According to Hilton’s Law (a nerve trunk that supplies a joint also supplies the muscles of the joint and skin over the insertions of such muscles) and Arndt’s Law (weak stimuli excite physiological activity, moderately strong ones favor it and strong ones retard it and very strong ones arrest it), this can be understood. If one has inflammation or dysfunction in any organ, the skin over that specific area, the muscles that cross over that specific organ and nerve trunks that supply the muscle as well as the inflamed organ will become inhibited.
A simple example of this is stomach, small intestine or large intestine inflammation. These physiological excited organs will create heat and inflammation in the solar plexus region. This will inhibit any muscle crossing over this region (TVA, internal oblique and pelvic floor). This will create inhibition of these muscles of the inner unit, thereby elongating them. This will in turn create dysfunction of the inner unit and the other muscles of the inner unit, and the muscles of the outer unit will compensate for this dysfunction. This will lead to other dysfunctions such as visceroptosis, frequent urination or incontinence, low back pain, disc problems, SIJ problems and on and on.
You will see this in most women who have had a C-section. When cutting through all of the abdominal muscles to get to the baby, this disrupts and stops the neurological feedback loop of the inner unit to the brain and from the brain to the inner unit. Typically, the women is stitched up and bed ridden for a short period of time but never educated prior to as well as after pregnancy on the proper rehabilitation and movement dynamics as well as possible dysfunctions secondary to the C-section.
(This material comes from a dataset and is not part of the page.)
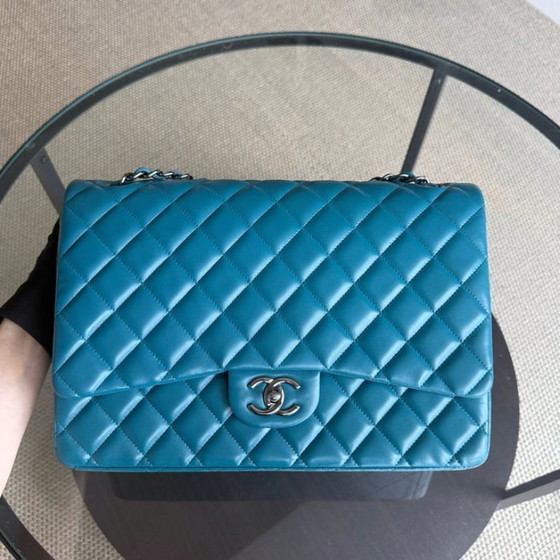 Image 1 of Chanel Classic Flap Maxi - Double Flap 33CM Quilted Lambskin Blue Silver Hardware Series 15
Stitching back up the abdominal wall will not do the trick. You will have large scar tissue build up, no neurological loop from the brain to the inner unit and back. Also, the female is at high risk from developing low back problems. As I have said, the inner unit prevents compression, shearing and torsion of the lumbar spine. So without it, this type of client is destined for low back pain. There are many things that can be done though to facilitate the healing process:
- Educate your client on how to massage the scar daily with certain essential oils such as Rose Hip Oil. Some women do not feel comfortable doing this, so this is where you might have to step in and have this as part of your treatment plan. The scar tissue is going to be the major roadblock in the healing process. Eliminating it will make or break the facilitation of the inner unit.
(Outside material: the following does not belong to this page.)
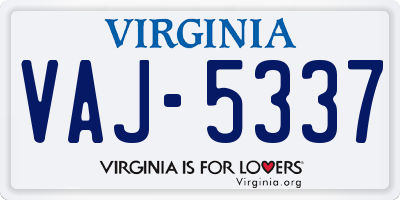 VA license plate VAJ5337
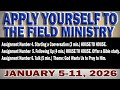 APPLY YOURSELF TO THE FIELD MINISTRY: JANUARY 5-11, 2026 | CHRISTIAN LIFE & MINISTRY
- Regular neuromuscular therapy on the abdominal muscles and scar will help re-create the neurological feedback loop. Purchase any book by Leon Chaitow, and you can learn a lot of information on releasing adhesion, scar tissue, etc with your clients.
- Eliminating all C.R.A.P foods will reduce inflammation and facilitate healing.
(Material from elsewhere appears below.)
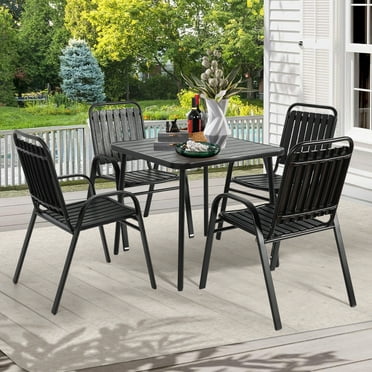 Clearance Outdoor Patio Dining Set for 4, Outdoor Furniture Plastic Table and Chairs, 5-piece Patio Set w/Square Table and Stackable Armchairs, Wood Grain Top, Heavy-duty Steel Frame, Black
- Educate your client on proper breathing techniques, which will help facilitate inner unit activation.
- Your exercise selection, sequence and the variables (rest, intensity, sets, reps and tempo) are very important and will make or break compliance and progress. You want to focus on Compound Movements or what I call Primal Movement Patterns (push, pull, squat, bend, twist and lunge) within her physiological load and skill levels. Focus on setting the variables initially for all exercises so the type 1/slow twitch postural muscles are being activated. Slow twitch muscles require about 60 seconds of rest and respond to time under tension (slow tempos such as 202, 212, 303, etc.). As well, you want to incorporate exercises and stretches that are going to realign the body in order to eliminate reciprocal inhibition. The other TVA exercises I mentioned in the beginning are a must in the program. You can also find more core exercises in the PTN Exercise Library.